While I realise you have asked us to provide further explanation of the basis for thinking that this exception to the duty to disclose information applies in the case of your request with a view to your deciding whether it is right to ask for an internal review, I think that our only appropriate course of action is to conduct an internal review. This is simply because in any case where an applicant makes representations to us because they think that we have failed to comply with a requirement of the Regulations, it is necessary that we carry out an internal review of the handling of the original request.
The purpose of the internal review procedure is to provide a fair, thorough and independent review of the handling of your request under the EIR.
We will endeavour to respond to your request for an internal review by 22 September 2020. If you have any queries about the internal review, please contact me quoting reference IR2020/00847.
Jonathan Mantle | FOI Manager
Freedom of Information | Legal and Corporate Services
Network Rail | 1st Floor | Willen Building | The Quadrant: MK
Elder Gate | Milton Keynes | MK9 1EN
Email: [Network Rail request email]
Web: http://www.networkrail.co.uk/foi/
Jonathan Mantle | FOI Manager
Freedom of Information | Legal and Corporate Services
Network Rail |
Dear Mr Mantle,
Thank you for your email of the 27th July 2020, your references FOI2020/00695 and IR2020/00847.
While your decision to treat my request for clarification as a request for internal review is, no doubt, well intentioned, it is not appropriate. Explicitly and implicitly, I held back from claiming that Network Rail have failed to comply with a requirement of the regulations. I raised questions.
Under the legislation, the requestor is only provided one opportunity to appeal a decision to the authority. Quite rightly, repeated appeal submissions would be perceived as vexatious. Should I decide to appeal, there might be additional points that I would wish to be considered. A request for review requires extensive reconsideration of the entire request on your part which would be a needless burden now.
Also, while it may not have been your intention, your suggestion that you “will endeavour to respond by the 22 September 2020” rather implies a possible intrinsic delaying function in your department. The EIRs require that responses are provided “as soon as possible”. That obligation overrides your apparent reliance on the maximum period permitted under the legislation by which you are absolutely obliged to respond, (and even that reliance is couched in terms that are not definite.)
Accordingly, I must ask that my email of the 25th July 2020 is dealt with on the basis that it is, as I stated, simply a request for clarification. I am not asking you to provide a balanced review of whether the decision was correct. I am seeking that the response already provided be made crystal clear. I am asking for elaboration, explanation and, if readily available, evidence for the argument that has been put forward, so that the argument can be better understood by someone who is not involved in the tendering processes adopted by Network Rail.

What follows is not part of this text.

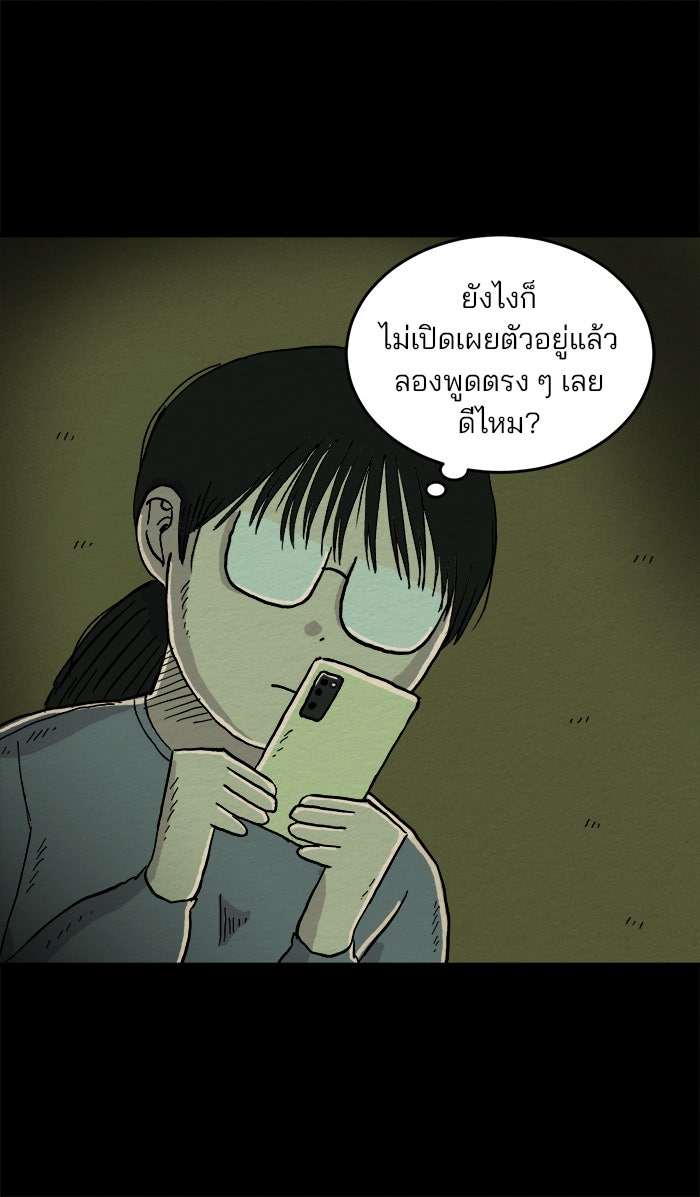 ปัดขวาผิดชีวิตเปลี่ยน - หน้า 45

Given that you are relieved of the burden of a full internal review, and presumably you are confident in the arguments previously proposed, clarification should be quickly and easily elicited from your source who provided the form of words that was used.
Yours sincerely,
Dr Paul Thornton
Dear Dr Thornton
Thank you for your email.
I will, in accordance with your wishes, close our internal review and will raise your request for clarification with our subject matter experts who helped us with your initial request.

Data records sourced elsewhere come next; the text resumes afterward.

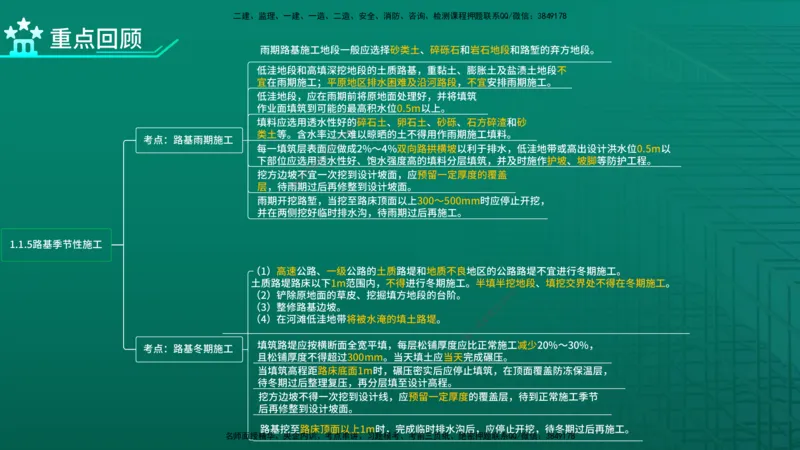 2026一建《公路实务》精讲第1章（7-22）讲义在线版_2026年一级建造师_2026年一建公路_2026年一建公路SVIP_2026一建公路SVIP_02-基础精讲✿高端面授✿深度强化_01.第1章路基工程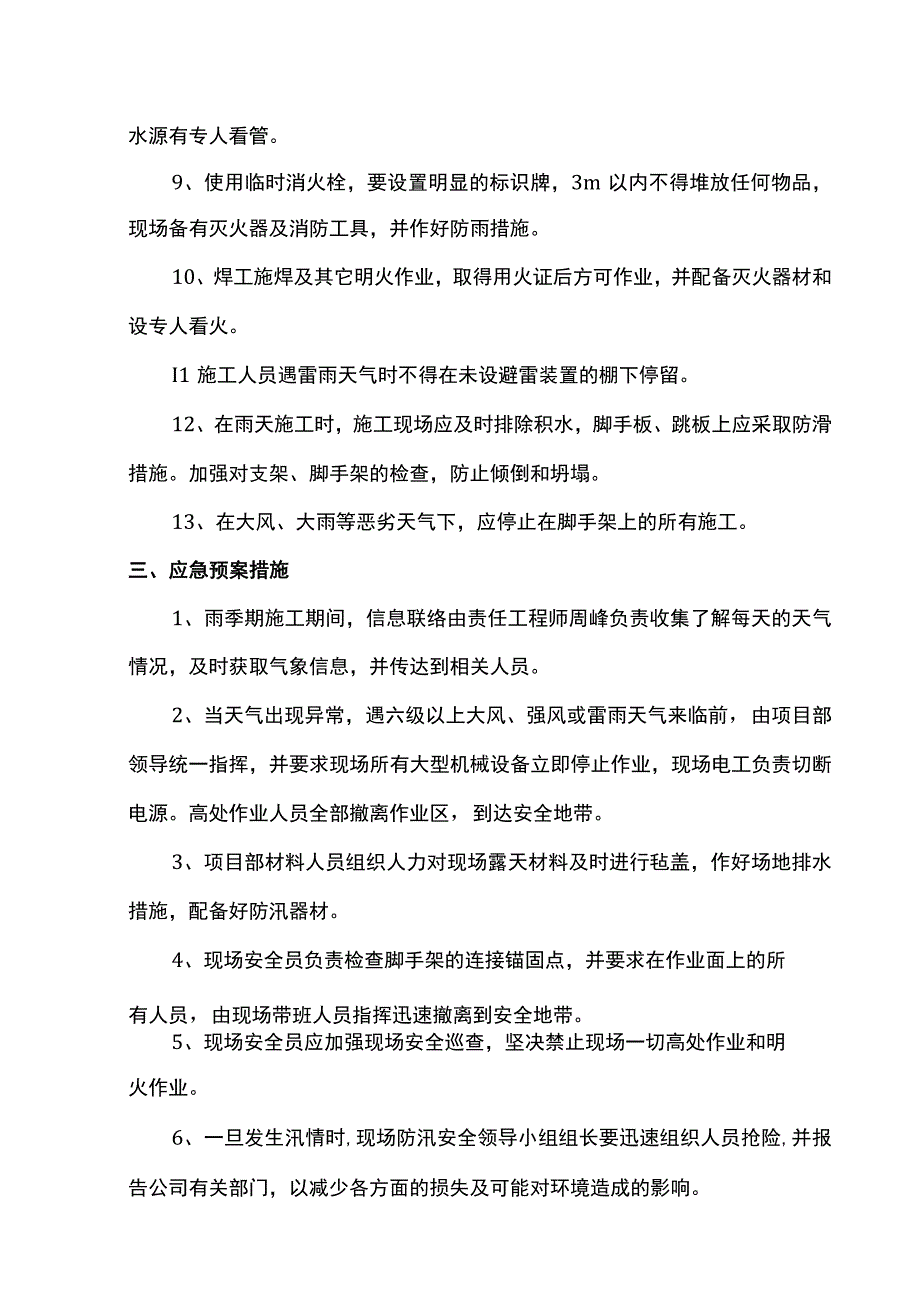 施工管理及安全防汛措施.docx_第3页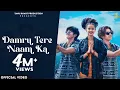 Download Lagu Damru Tere Naam Ka (Full Video) | Tanu Rawat | Akki Aryan | Ghanu Musics | Bholenath Songs |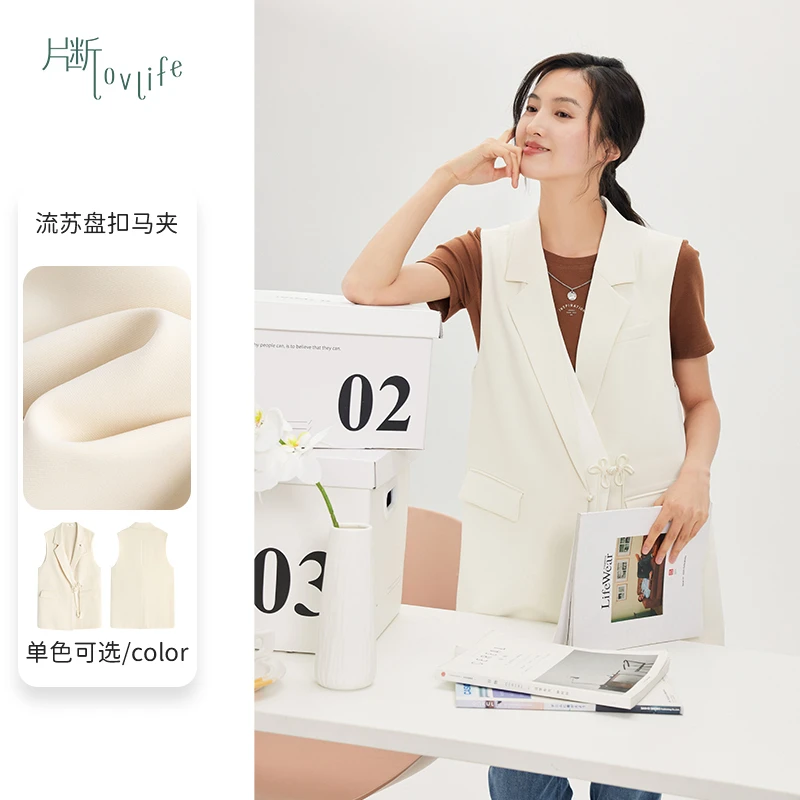 片断短外套女2023夏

I will look to respond to you as swiftly as I reasonably can but do feel free to contact me in the interim if you have any further questions.
Jonathan Mantle | FOI Manager
Freedom of Information | Legal and Corporate Services
Network Rail | 1st Floor | Willen Building | The Quadrant: MK
Elder Gate | Milton Keynes | MK9 1EN
Email: [Network Rail request email]
Web: http://www.networkrail.co.uk/foi/
Jonathan Mantle | FOI Manager
Freedom of Information | Legal and Corporate Services
Network Rail | 1st Floor | Willen Building | The Quadrant: MK
Elder Gate | Milton Keynes | MK9 1EN
Dear Mr Mantle
It would be helpful if the clarification I have requested could be provided with the minimum of further delay. More than three weeks has elapsed already which should be more than sufficient time simply to provide clarification and explanation of a response already provided.

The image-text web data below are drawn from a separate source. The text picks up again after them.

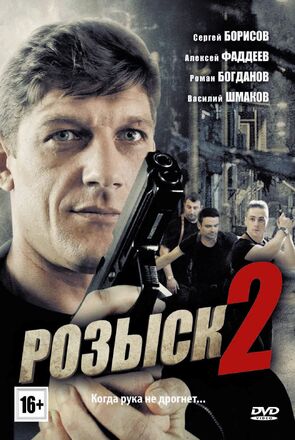 Фото из сериала Розыск 2 (2013)
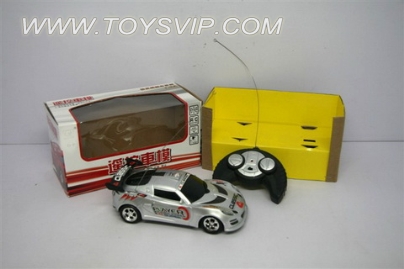 1:20 Stone remote control car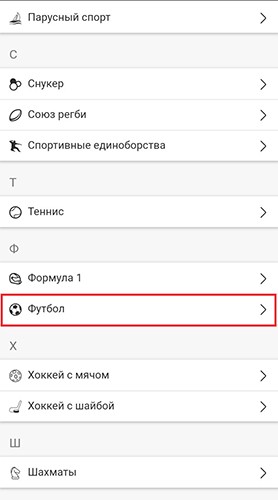 Список дисциплин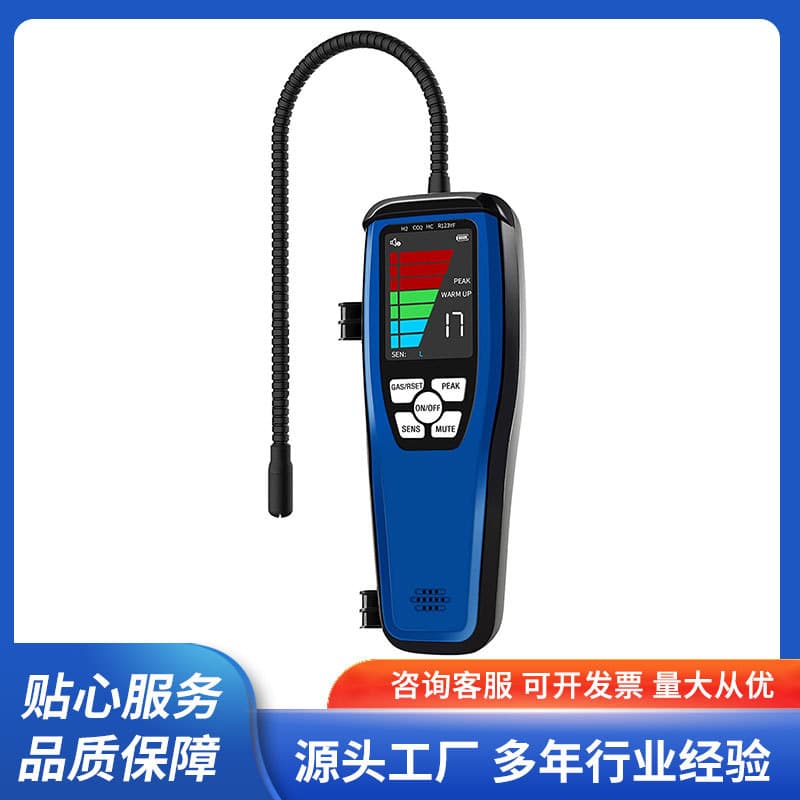 Portable LD-600 Handheld Combustible Gas Leak Detector for Automotive Refrigerant Gas Freon Leak Detection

Perhaps you could provide, by return, confirmation of the date by which a reply will be provided?
Yours sincerely,
Dr Paul Thornton
FOI Department
Network Rail
Milton Keynes,
Dear FOI dept
I sent a follow up direct email to your colleague, Mr Mantle, on the 28th July 2020 seeking a substantive response to an earlier question that was in turn seeking clarification of an FOI response provided. But I have not received an acknowledgement. It may be that he is currently on holiday and unavailable.
Mr Mantle has indicated to me that the substantive response will require a contribution from subject matter experts who assisted in the FOI response that was provided.
There are time pressures in this matter and so I would be grateful if you assist Mr Mantle by ensuring that the clarification from the experts has been obtained, and, if he remains unavailable, it would be helpful if the substantive response could be provided by his deputy.
The full exchange in this matter is on line at the link below.
https://www.whatdotheyknow.com/request/6...
Yours faithfully,
Dr Paul Thornton
Yours sincerely,
Paul Thornton
OFFICIAL
Dear Dr Thornton
Thank you for getting in touch and please accept my apologies for the delay it has taken me to respond to you.
Following your recent correspondence, I have been in touch with our business experts to get a more detailed explanation of our reasons for believing that the information you requested was exempt from disclosure by virtue of Reg 12(5)(e) of the Environmental Information Regulations.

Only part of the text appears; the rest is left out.